Martin Rinard - Harnessing error-prone chips
New system would allow programmers to easily trade computational accuracy for energy savings.
Larry Hardesty | MIT News Office
Ocotber 30, 2014
As transistors get smaller, they also grow less reliable. Increasing their operating voltage can help, but that means a corresponding increase in power consumption.
With information technology consuming a steadily growing fraction of the world’s energy supplies, some researchers and hardware manufacturers are exploring the possibility of simply letting chips botch the occasional computation. In many popular applications — video rendering, for instance — users probably wouldn’t notice the difference, and it could significantly improve energy efficiency.
At this year’s Object-Oriented Programming, Systems, Languages and Applications (OOPSLA) conference, researchers from MIT’s Computer Science and Artificial Intelligence Laboratory presented a new system that lets programmers identify sections of their code that can tolerate a little error. The system then determines which program instructions to assign to unreliable hardware components, to maximize energy savings while still meeting the programmers’ accuracy requirements.
The system, dubbed Chisel, also features a tool that helps programmers evaluate precisely how much error their programs can tolerate. If 1 percent of the pixels in an image are improperly rendered, will the user notice? How about 2 percent, or 5 percent? Chisel will simulate the execution of the image-rendering algorithm on unreliable hardware as many times as the programmer requests, with as many different error rates. That takes the guesswork out determining accuracy requirements.
The researchers tested their system on a handful of common image-processing and financial-analysis algorithms, using a range of unreliable-hardware models culled from the research literature. In simulations, the resulting power savings ranged from 9 to 19 percent.
The new work builds on a paper presented at last year’s OOSPLA, which described a programming language called Rely. Each paper won one of the conference’s best-paper awards.

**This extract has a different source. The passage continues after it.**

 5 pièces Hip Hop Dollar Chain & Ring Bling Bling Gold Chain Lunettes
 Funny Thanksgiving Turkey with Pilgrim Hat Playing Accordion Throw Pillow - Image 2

Rely provides the mechanism for specifying the accuracy requirements, and it features an operator — a period, or dot — that indicates that a particular instruction may be executed on unreliable hardware. In the work presented last year, programmers had to insert the dots by hand. Chisel does the insertion automatically — and guarantees that its assignment will maximize energy savings.
“One of the observations from all of our previous research was that usually, the computations we analyzed spent most of their time on one or several functions that were really computationally intensive,” says Sasa Misailovic, a graduate student in electrical engineering and computer science and lead author on the new paper. “We call those computations ‘kernels,’ and we focused on them.”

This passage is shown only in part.